BTW it is bone stock.

Thanks, 
Drew


----------



## phreebsd (Dec 16, 2004)

I have that section. let me find it. it's posted somewhere in another thread.


----------



## phreebsd (Dec 16, 2004)

here it is


here you go. This is the whole fuel system chapter. Covers carbs to fuel pump.


----------



## drewj323 (Sep 8, 2009)

That is what I needed!! Thank you!!! Any words of advice from those of you that are much more experienced than I?? I would be grateful. Thanks, Drew


----------



## Greg G (Jan 8, 2009)

When doing carb work, cleanliness is manditory. Also have a big place to work and lay everything out as you take it apart, that will make reassembly a lot easier. Just take your time, follow the manual, and be sure to keep up with all the parts. Nothing is worse than almost getting done and realize you lose a small special screw or something else. Lesson learned the hard way.

Greg G


----------



## drewj323 (Sep 8, 2009)

Thanks. Any other tips are welcome!!


----------



## drtyTshrt (May 27, 2009)

Do not forget the chokes. make sure the plungers are really clean and polished they stick often, and lube the cables.


----------



## drewj323 (Sep 8, 2009)

I got into it tonight and ran into some issues. First of all, I couldn't get the screws that hold the choke plates undone without stripping them so I left them be. I also couldn't get the carb bowls off. Each carb had 2 of the 4 screws stuck and the screws started to strip. So I was able to get the diaprhams out and clean all of those areas and they slide well. I also cleaned out all other things out that I could get to, I put it back together and the problem is better, but still exists. I believe that my main jet is plugged. my pilots are clean. 

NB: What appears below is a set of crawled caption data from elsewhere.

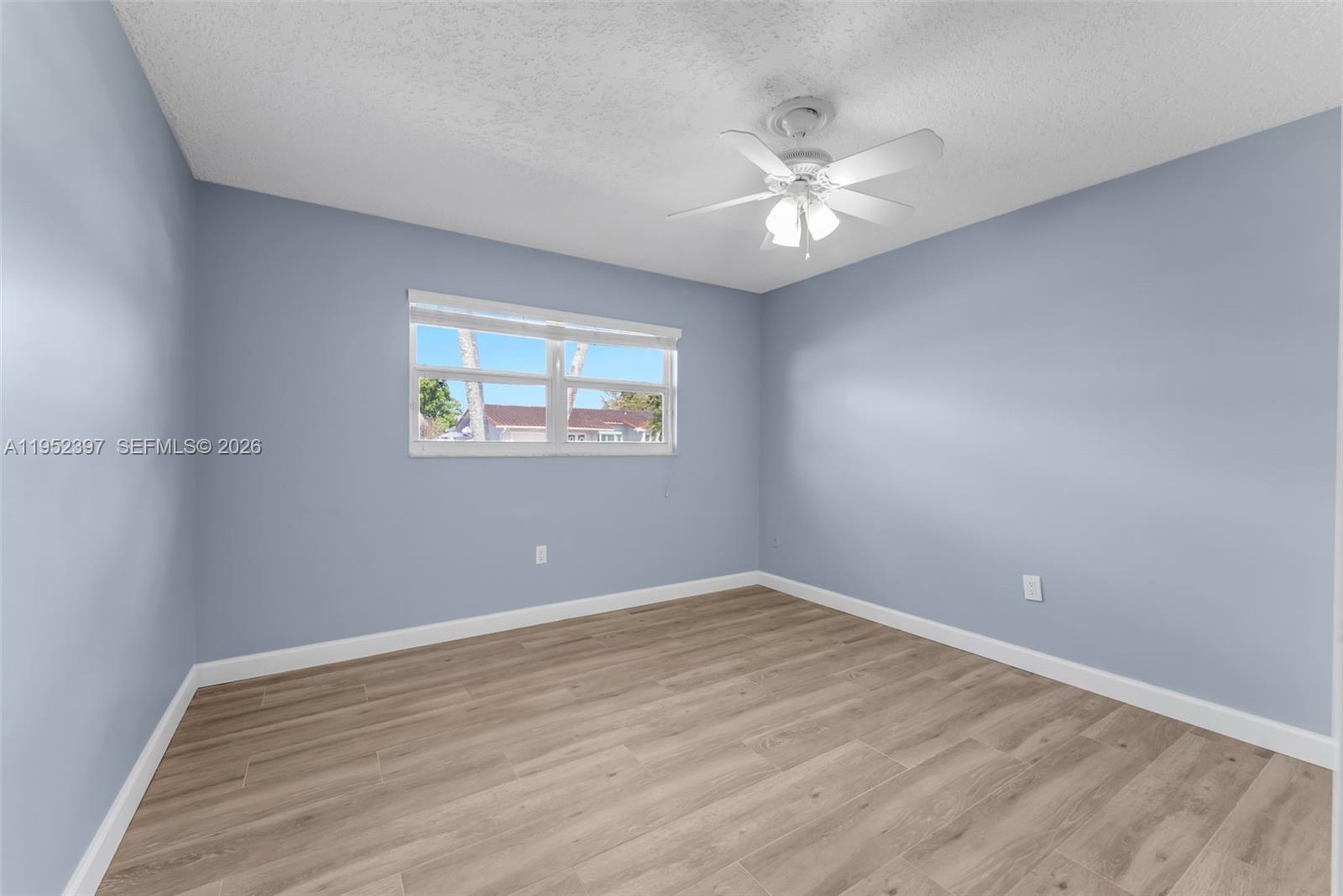 TAMIAMI LAKES SEC 1 - Residential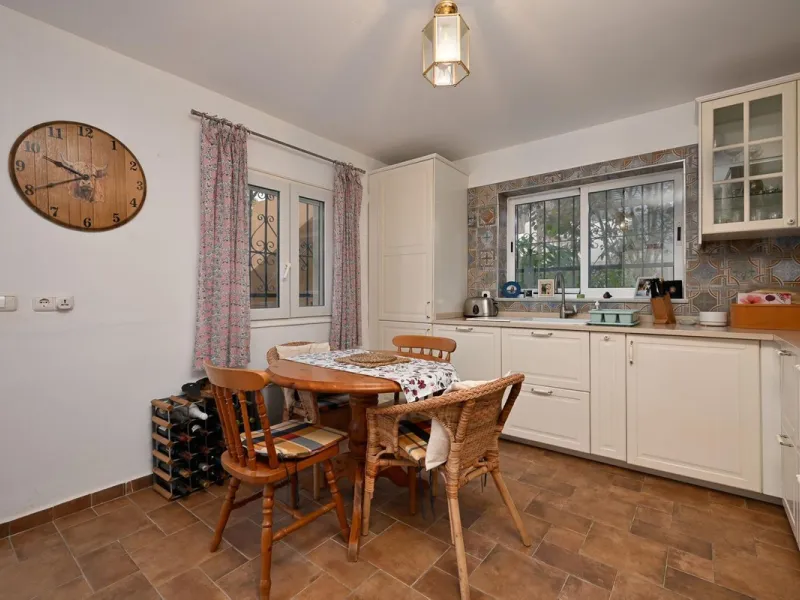 House - Detached Villa в продаже в Alhaurín el Grande, Málaga. В доме 4 спален и 4 ванных комнат. Площадь дома 235 м². Площадь участка 861 м²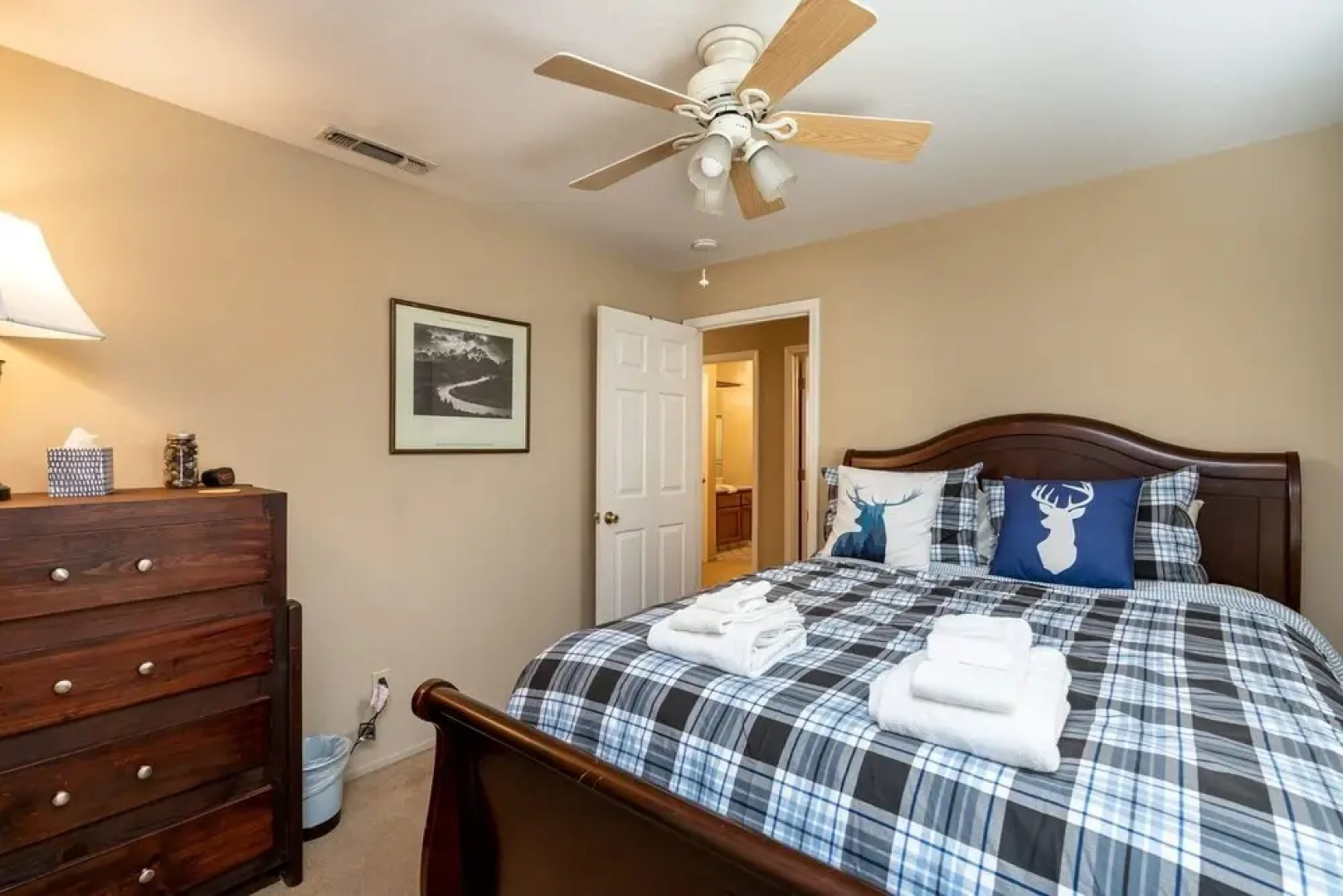 Wolf Den - Check out the Beach, Country Club, Golf Course Enjoy the Wifi, Central Heat and Air Conditioning. Near Yosemite by Redawning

It idles good what not, the problem is that under a load it wants to spit and sputter. Any ideas on what to do to free up those screws on the float bowls? I thought about making a groove with the dremel and trying to get them out. Any help would be great!!! 

Thanks,
Drew


----------



## drtyTshrt (May 27, 2009)

I sloted mine with a dremel. They are pretty soft screws.Actually every screw and bolt in theses things are soft. Just remember to use the torc specs whenever possible and do not overtighten anything or they will either strip or break off.


----------



## drewj323 (Sep 8, 2009)

I got the bowls off and the front float was stuck and there was a lot of nasty varnish in there. I also cleaned all the jets and can see light through them. So far so good. My question is does anyone know the sizes of the screws that hold the carb bowls on and the choke plates? I am going to replace them with hex heads and would like to know the sizes. I cant see putting the same weak screws in there. Thanks for your help!!!


----------



## Guarino113 (Oct 3, 2009)

if noone knows you can take them to the hardware store and match them. find a nut that fits and that will tell you. im sure somone here knows though.


----------